# [EXERCISE PROMPT]
Print, word for word, the line containing "Charmante drukowana koszulka" and all lines beneath it to the end of the entries below. Pictures do not belong in the copy.

# [RECORDS]

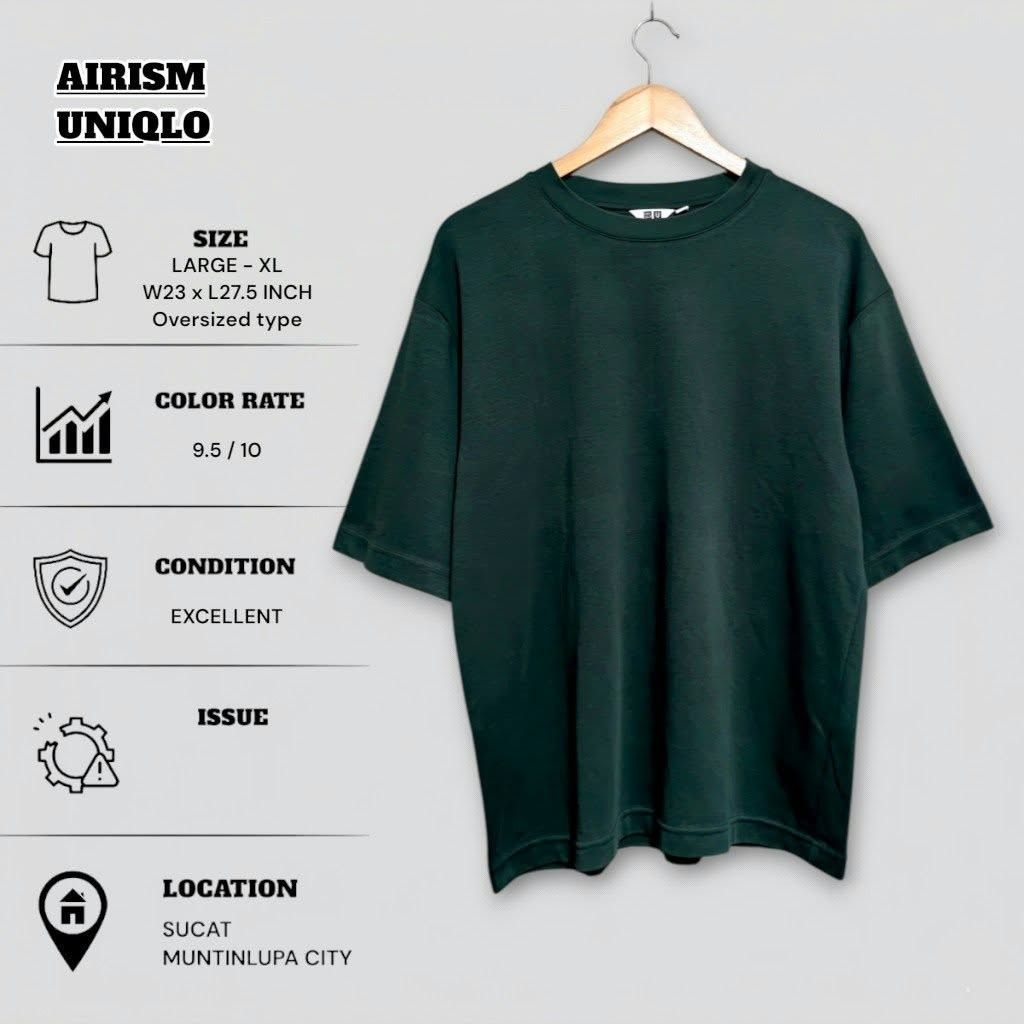 AIRISM UNIQLO TSHIRT (Category: Tshirts & Polo Shirts ) located in Muntinlupa City. Submitted by nofame12 (Listing ID 1468413723, Image 1). Description: PLEASE CHECK THE DETAILS OF THE ITEM ON FIRST PHOTO. LOCATION - SUCAT MUNTINLUPA CITY.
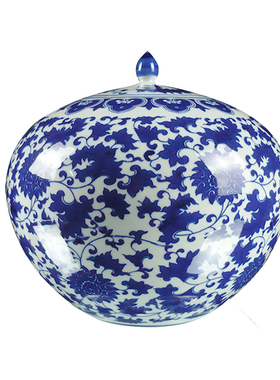 景德镇青花陶瓷中号客厅工艺品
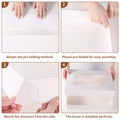 JCD 12pcs Cake Boxes 14x10x4in White Bakery Window Quarter Sheet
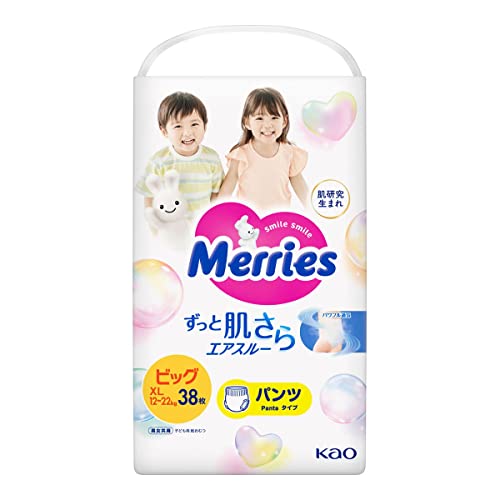 Merries XL Nappy Pants 38 pcs (12-22 kg)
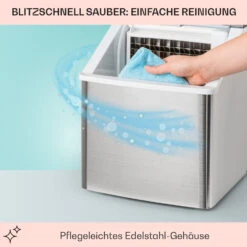 Clearcube Eiswürfelmaschine Klareis 13kg/24h Edelstahl Schwarz -Innovation Home Appliances Store 10033350 de 0005 usp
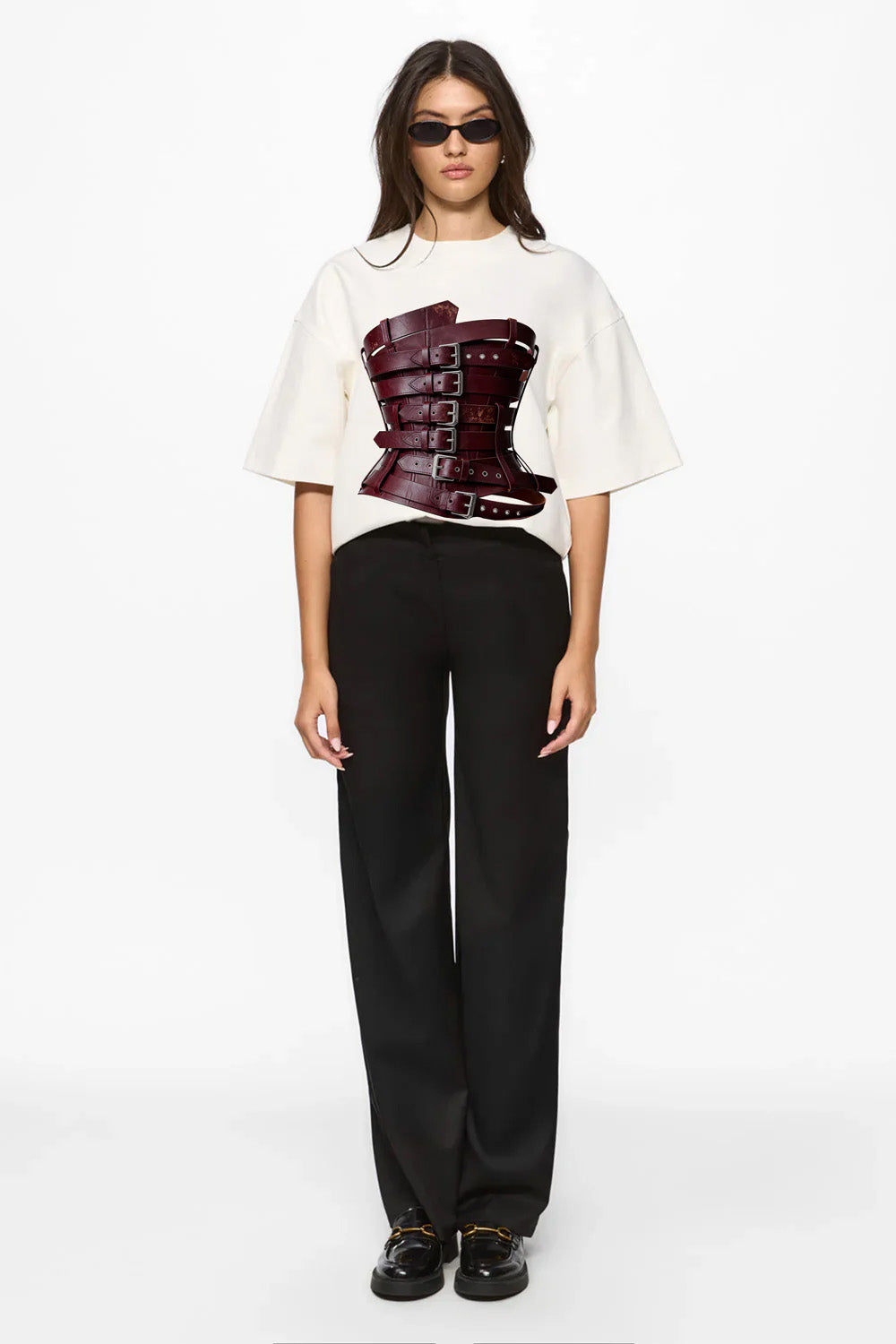 Charmante drukowana koszulka w kolorze Off-White W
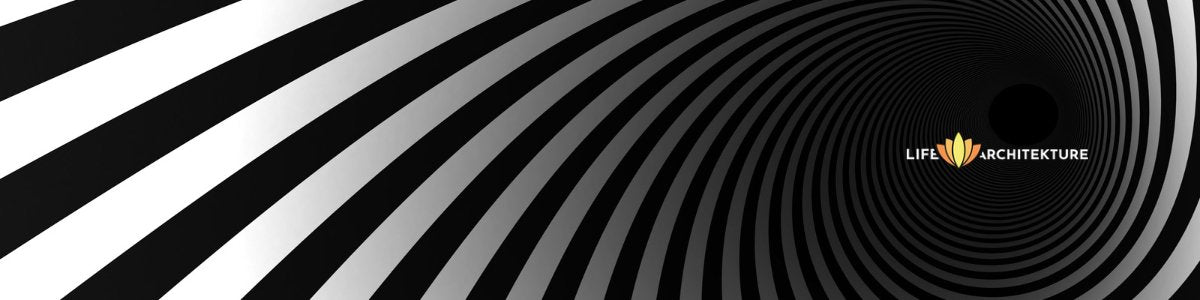 black and white spirals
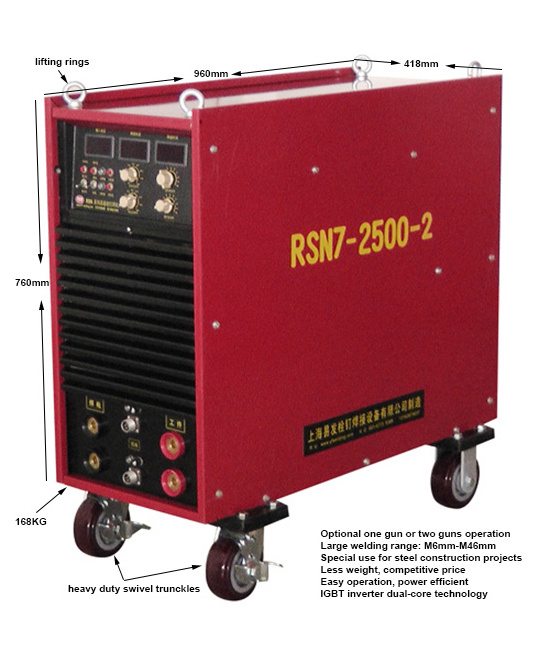 RSN7-2500 arc welder 440v  stud welding machine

# [YOUR SOLUTION]
 Charmante drukowana koszulka w kolorze Off-White W
 black and white spirals
 RSN7-2500 arc welder 440v  stud welding machine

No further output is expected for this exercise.